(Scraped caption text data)
++++++

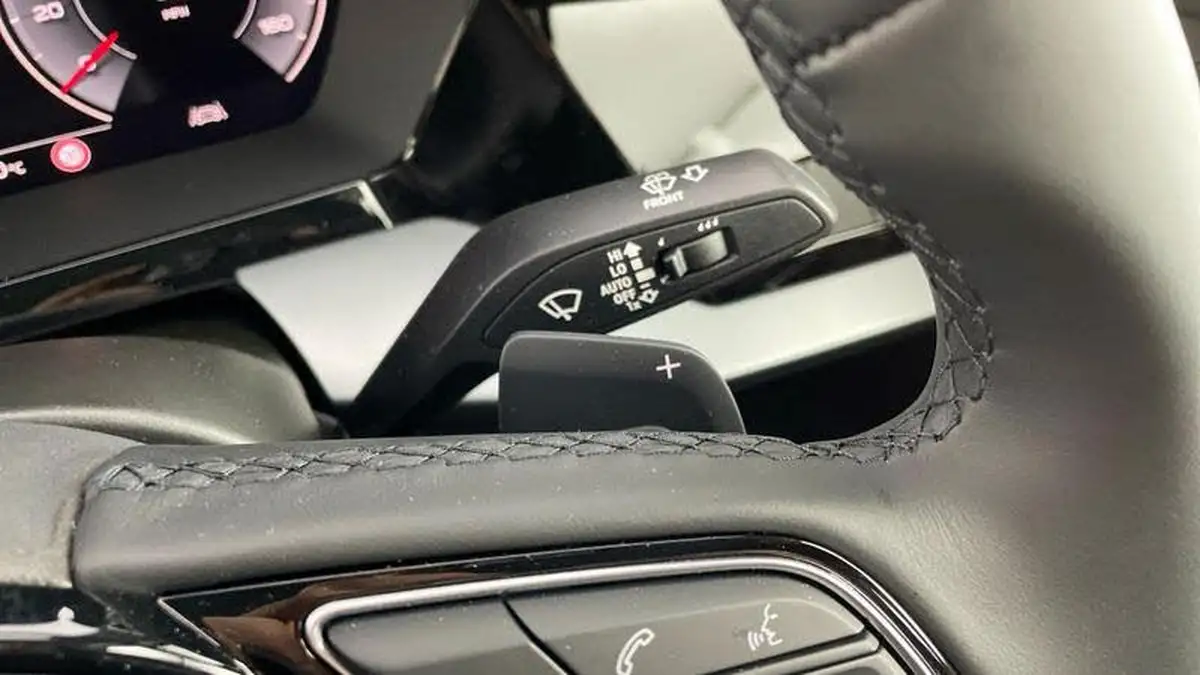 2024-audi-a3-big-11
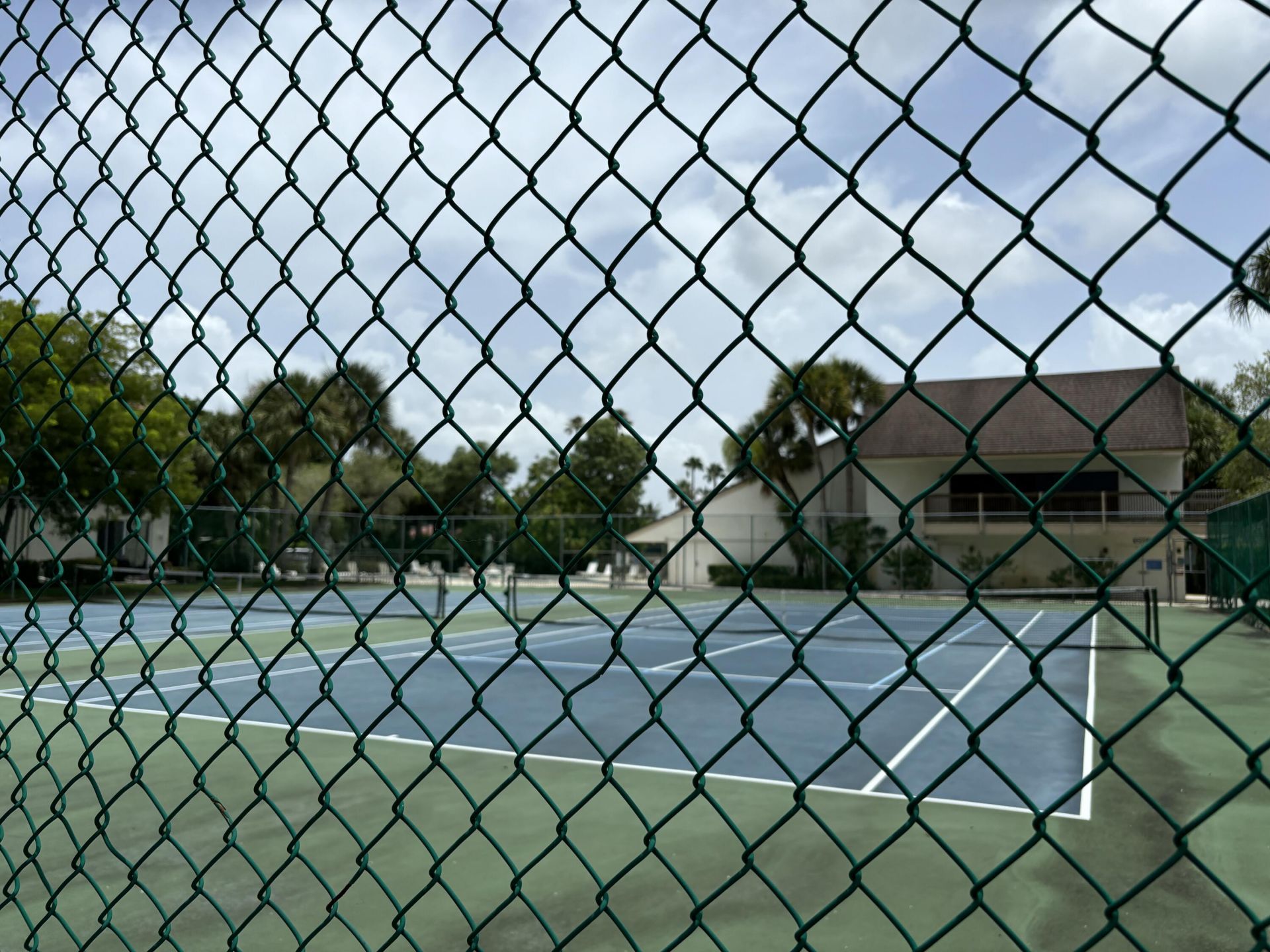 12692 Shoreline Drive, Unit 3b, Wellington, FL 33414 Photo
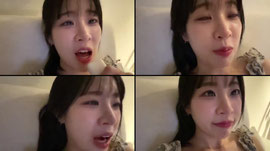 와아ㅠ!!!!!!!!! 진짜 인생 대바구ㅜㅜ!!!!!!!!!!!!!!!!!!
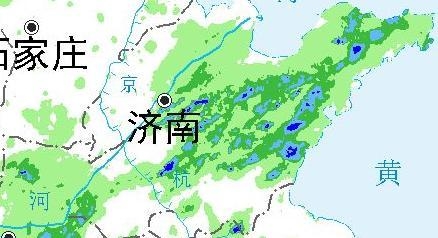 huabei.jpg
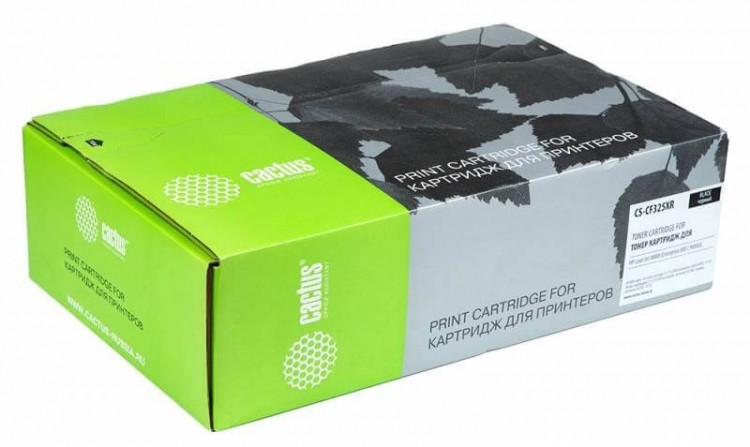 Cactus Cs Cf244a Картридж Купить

++++++

Problem to work on → Set down exactly, and only, the lines from the one holding "와아ㅠ!!!!!!!!! 진짜 인생 대바구ㅜㅜ!!!!!!!!!!!!!!!!!!" to the end of the records above, leaving every picture out.

Your response →
 와아ㅠ!!!!!!!!! 진짜 인생 대바구ㅜㅜ!!!!!!!!!!!!!!!!!!
 huabei.jpg
 Cactus Cs Cf244a Картридж Купить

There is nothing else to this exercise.